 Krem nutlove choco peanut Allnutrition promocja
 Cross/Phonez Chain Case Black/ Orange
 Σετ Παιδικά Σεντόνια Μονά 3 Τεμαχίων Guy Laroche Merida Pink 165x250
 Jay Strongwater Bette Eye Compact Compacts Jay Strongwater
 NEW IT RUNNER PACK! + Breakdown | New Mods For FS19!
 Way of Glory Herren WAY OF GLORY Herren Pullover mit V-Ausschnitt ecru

THE PROBLEM: The output is every entry, printed exactly as it reads.

EXERCISE ANSWER:
 Krem nutlove choco peanut Allnutrition promocja
 Cross/Phonez Chain Case Black/ Orange
 Σετ Παιδικά Σεντόνια Μονά 3 Τεμαχίων Guy Laroche Merida Pink 165x250
 Jay Strongwater Bette Eye Compact Compacts Jay Strongwater
 NEW IT RUNNER PACK! + Breakdown | New Mods For FS19!
 Way of Glory Herren WAY OF GLORY Herren Pullover mit V-Ausschnitt ecru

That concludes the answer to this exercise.